Step 1 — First search: count all errors and see what type they are

The very first thing you do in any investigation — how many errors and what kind.

terminal

# Total error count
echo "Total errors: $(grep -c 'ERROR' ~/investigation.log)"

# Error types — what errors appeared and how many times each
grep "ERROR" ~/investigation.log | awk '{print $5}' | sort | uniq -c | sort -rn

# Which services had errors?
grep "ERROR" ~/investigation.log | awk '{print $4}' | sort | uniq -c

→ 7 total errors. DB_CONNECTION_TIMEOUT appears 3 times. DB_CONNECTION_REFUSED once. Both payment-service and mq-consumer affected. Pattern: it is a DB issue.

Step 2 — Find the build-up before the first error

Show 3 lines before the first ERROR — this reveals the warning signs that appeared before the crash.

terminal

# Show context before every error — the build-up
grep -B 3 "ERROR" ~/investigation.log | head -15

# When did the first warning appear?
grep -m 1 "WARN" ~/investigation.log

# When did the first error appear?
grep -m 1 "ERROR" ~/investigation.log

→ WARN lines appeared at 14:00:01, 14:00:02, 14:00:03 — DB pool climbing. First ERROR at 14:00:04. The 3 WARN lines showed the build-up. Root cause: DB connection pool exhausted.

Step 3 — List all affected transactions

Which specific transactions failed? The client needs this for reconciliation.

terminal

# All failed transactions
grep "FAILED" ~/investigation.log

# Just the TXN IDs of failures
grep "FAILED" ~/investigation.log | grep -o "TXN-[0-9]*"

# When did recovery happen?
grep "restored\|SUCCESS\|resumed" ~/investigation.log

→ TXN-501, TXN-502, TXN-503 all failed. Recovery at 14:15. Outage window: 14:00:04 to 14:15:00 — approximately 15 minutes.

Step 4 — Search across multiple log files (simulate central logging)

In a real environment you search all services at once. Here we simulate it by creating a second log file and searching both.

terminal — multi-file search

# Create a second service log (simulating another server)
echo "[2024-03-15 14:00:05] [ERROR] [api-gateway] Upstream DB unreachable. 503 returned." > ~/api-gateway.log
echo "[2024-03-15 14:01:00] [ERROR] [api-gateway] All payment endpoints returning 503." >> ~/api-gateway.log
echo "[2024-03-15 14:15:05] [INFO ] [api-gateway] Upstream restored. Endpoints healthy." >> ~/api-gateway.log

# Now search ALL log files at once — central logging style
grep -r "ERROR" ~/investigation.log ~/api-gateway.log

# Show which FILE each error came from
grep -rh "ERROR" ~/investigation.log ~/api-gateway.log | awk '{print $4}' | sort | uniq -c

→ Errors found across all 3 services: payment-service, mq-consumer, api-gateway — all caused by the same DB outage. This is the power of central search.

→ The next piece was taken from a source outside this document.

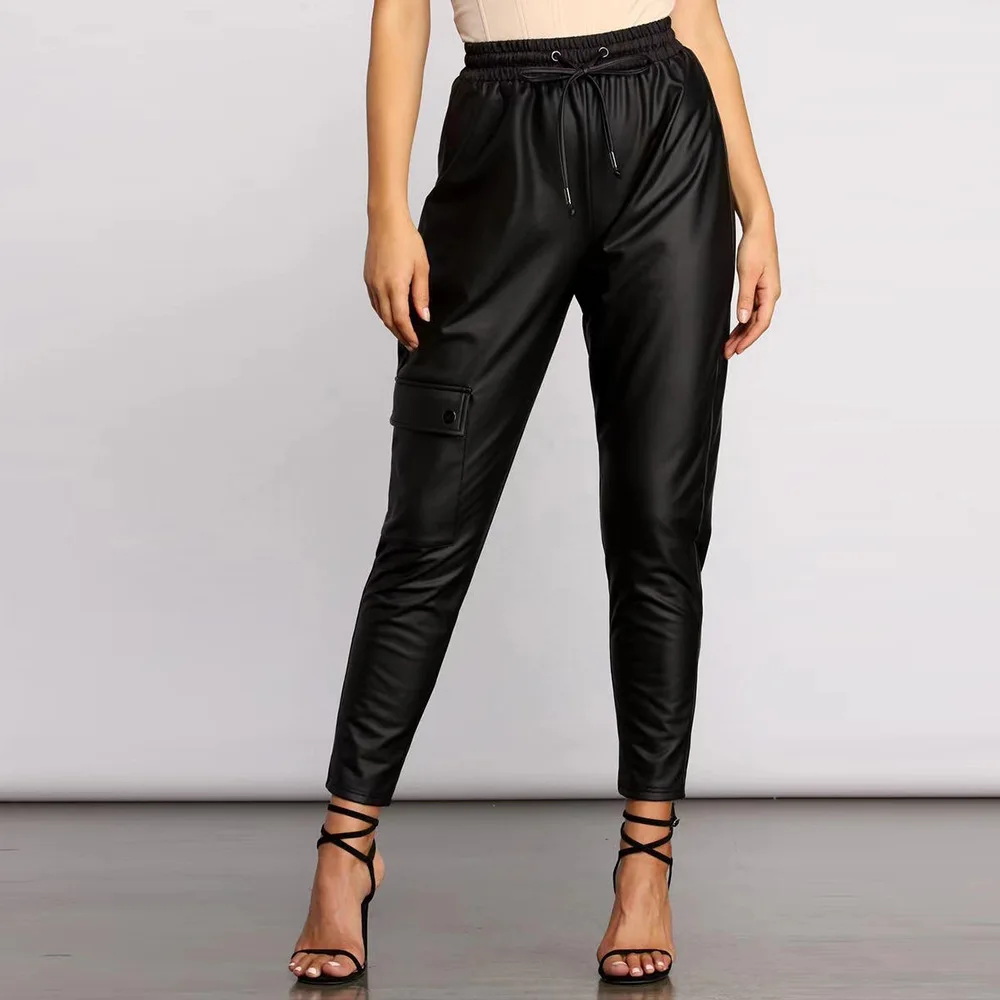 High Waist PU Leather Trousers Women Casual Loose Bloomers With Office Matte Patent Leather Elastic Band Stretch Pencil Pants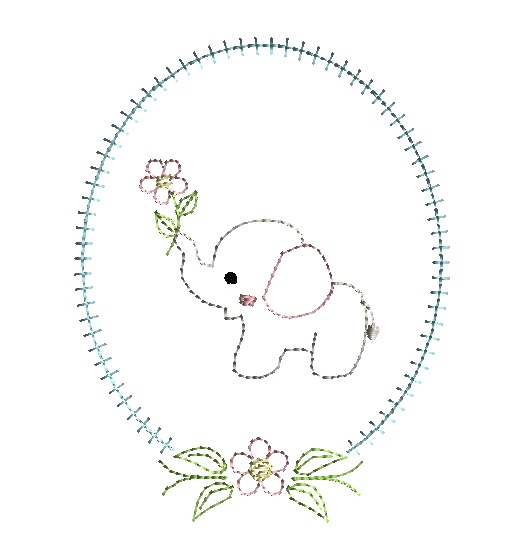 Baby elephant with flower quick stitch machine embroidery design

Step 5 — Write the root cause from log evidence

Produce the Jira RCA from what the logs told you — no guessing, only evidence.

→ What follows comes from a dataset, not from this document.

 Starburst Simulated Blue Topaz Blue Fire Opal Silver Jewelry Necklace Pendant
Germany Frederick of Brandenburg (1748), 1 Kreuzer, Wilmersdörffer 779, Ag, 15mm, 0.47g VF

Jira RCA — log-based evidence

Incident : Payment failures 14:00 – 14:15
Evidence : investigation.log + api-gateway.log

Timeline (from logs):
14:00:01 — DB pool WARN at 81%
14:00:03 — DB pool WARN at 96% (critical threshold)
14:00:04 — DB_CONNECTION_TIMEOUT — pool exhausted
14:00:04 — TXN-501, TXN-502 FAILED
14:01:00 — DB_CONNECTION_REFUSED — DB process down
14:01:00 — TXN-503 FAILED, api-gateway returning 503
14:15:00 — DB connection restored. Queue draining.
14:18:00 — All systems recovered

Root Cause : DB connection pool exhausted at 14:00:04.
DB process subsequently crashed at 14:01:00.
3 transactions failed. MQ and API gateway
both affected as downstream services.
Next Steps : DBA to investigate pool exhaustion cause.
Reconcile TXN-501, TXN-502, TXN-503.

→ Complete log-based RCA. Every claim backed by a log entry with a timestamp. This is professional incident documentation. ✅

07 Real L2 Scenarios

Incident fires. Instead of SSHing into 4 servers one by one, you open Kibana and type "ERROR AND DB_CONNECTION_TIMEOUT" with a time range of the last 30 minutes. In 3 seconds you see 48 results from 4 different services — all pointing to the same DB. Root cause identified before you even open a terminal.

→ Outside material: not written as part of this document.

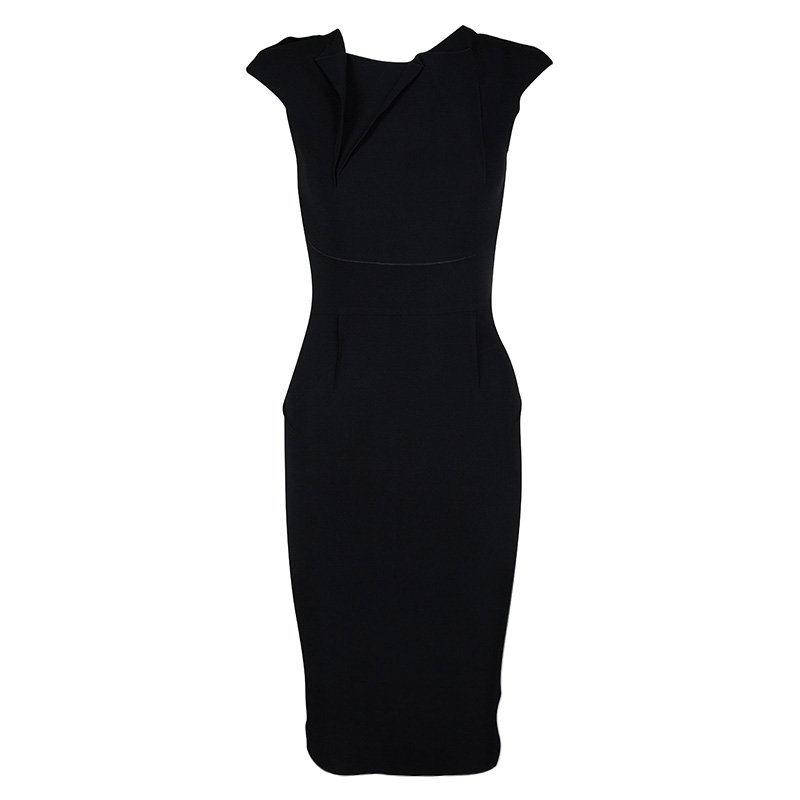 Pre Owned Roland Mouret Black Asymmetric Neck Detail Cap Sleeve Dress S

Client says: "TXN-9981 failed but we don't know why." You grep for TXN-9981 across all logs. You find: INFO received → WARN DB pool 94% → ERROR DB timeout → FAILED. Full story in 4 log lines. You tell the client: the transaction failed because the DB connection pool was exhausted. Escalated to DBA.

Manager asks: "Did we have any errors yesterday between 2 AM and 4 AM?" In a central log tool you set the time range and search ERROR. Result: 0 errors in that window. Definitive answer in 5 seconds. Without central logging this would require SSHing into every server and grepping individual files — 20 minutes of work.

You notice a pattern — the same WARN message about DB pool appears every day around 3 PM. It has never crossed into ERROR — but it is building. You raise a proactive ticket before it ever becomes an incident. This is log monitoring used for prevention, not just investigation. The DBA increases the pool size and the warning disappears.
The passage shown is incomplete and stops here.